Tenkara PVC lines are of course available commercially too. Tenkara Tanuki makes a tapered floating line and it’s available in different lengths as does DRAGONtail and Paul Vertrees at Royal Gorge Anglers. You can get level PVC lines (similar to the euro-nymphing line) from Tanuki Tenkara, TAO and DRAGONtail Tenkara. Karin Miller at Zen Tenkara developed an eco-friendly, 100% recyclable all purpose floating line as well.
Also, some heavier furled lines such as the Tenkara USA Furled line can be easier to cast and fish in windy conditions than level lines.

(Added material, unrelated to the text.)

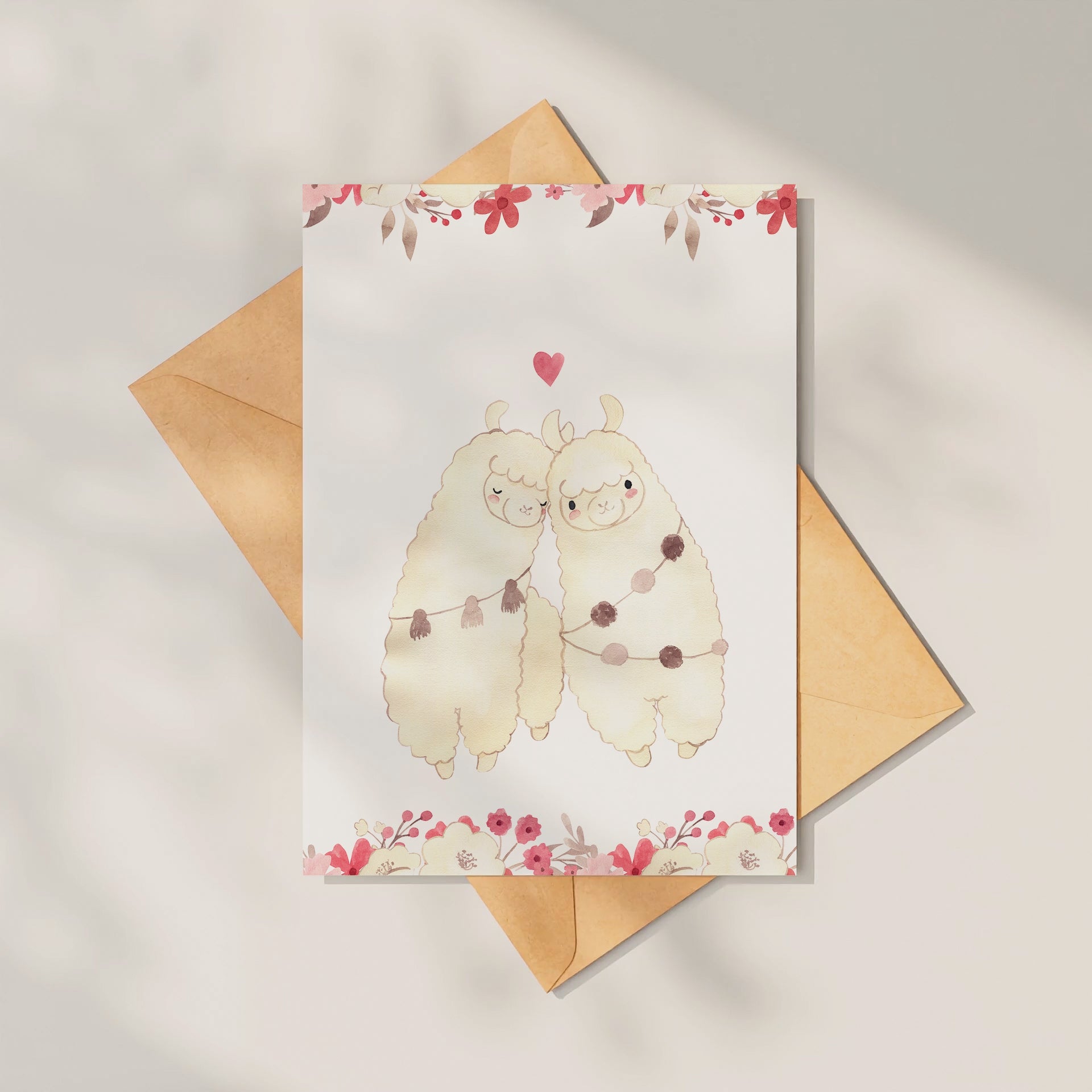 Karte Alpaka Liebe A6: Eine Postkarte mit einem zauberhaftem Alpakamotiv. Perfekt für liebe Grüße oder Glückwünsche zur Hochzeit oder Verlobung.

And check out Brent Auger’s comments above for links to the furled lines that he recommends. DRAGONtail has some interesting and unique furled line offerings.

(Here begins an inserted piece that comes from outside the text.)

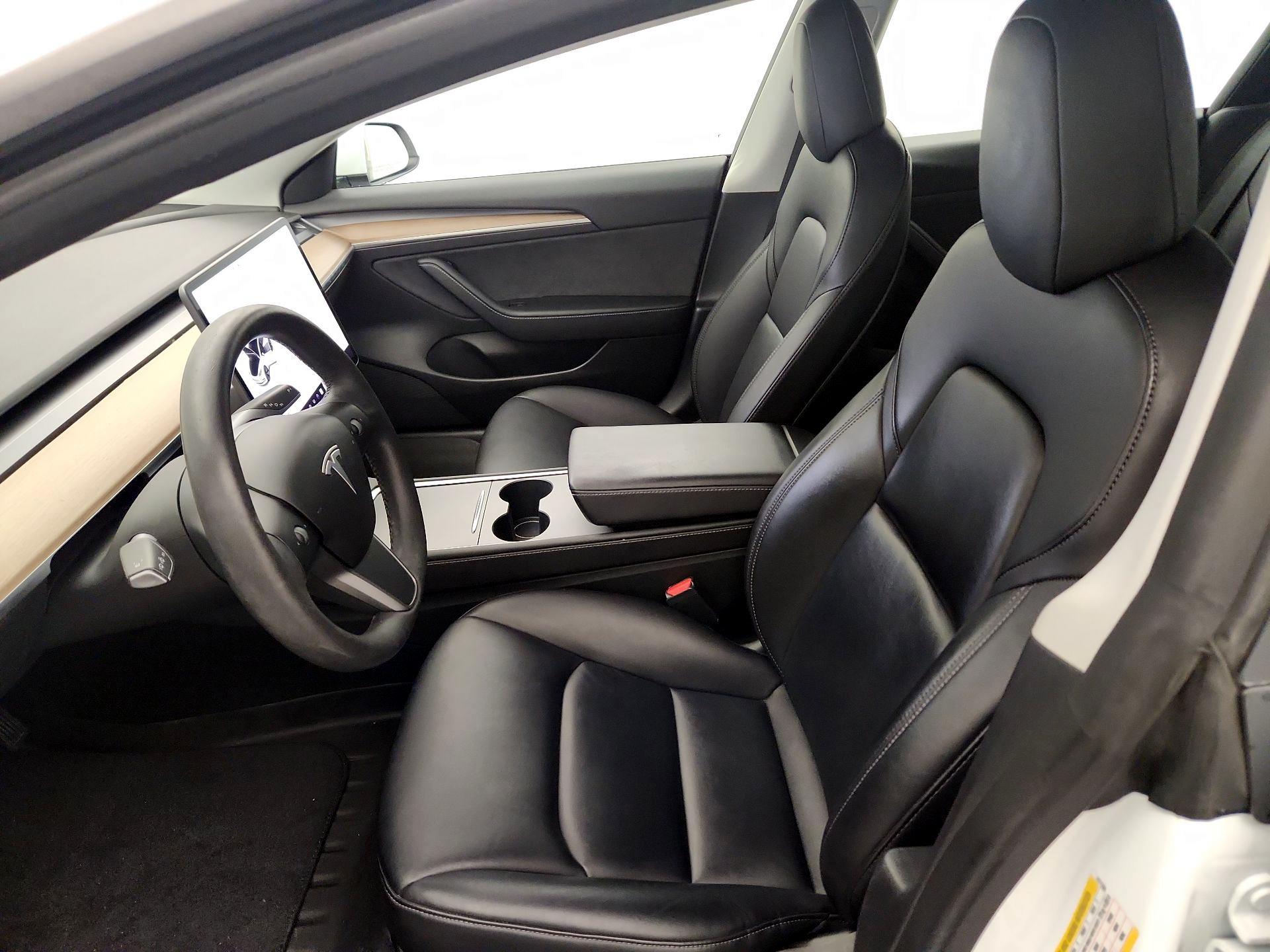 Thumbnail: 2022 Tesla Model 3 - 11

As Brent Auger mentioned a super windy day is probably not the best day for that full-flex soft rod. Especially if you’ll be using heavier lines and flies. And also he makes a good point about going to a shorter rod. Wind resistance on the rod itself can be significant in windy conditions and can make casting a chore. So it’s a good time to use that shorter rod, or if you’ve got a zoom rod go to a shorter length.
What Are Your Favorite Tactics for Windy Conditions ?
As I said in the beginning this article is also meant to be a jumping off point for people to share their experience and advice. So please let us know how you deal with wind in the comments below.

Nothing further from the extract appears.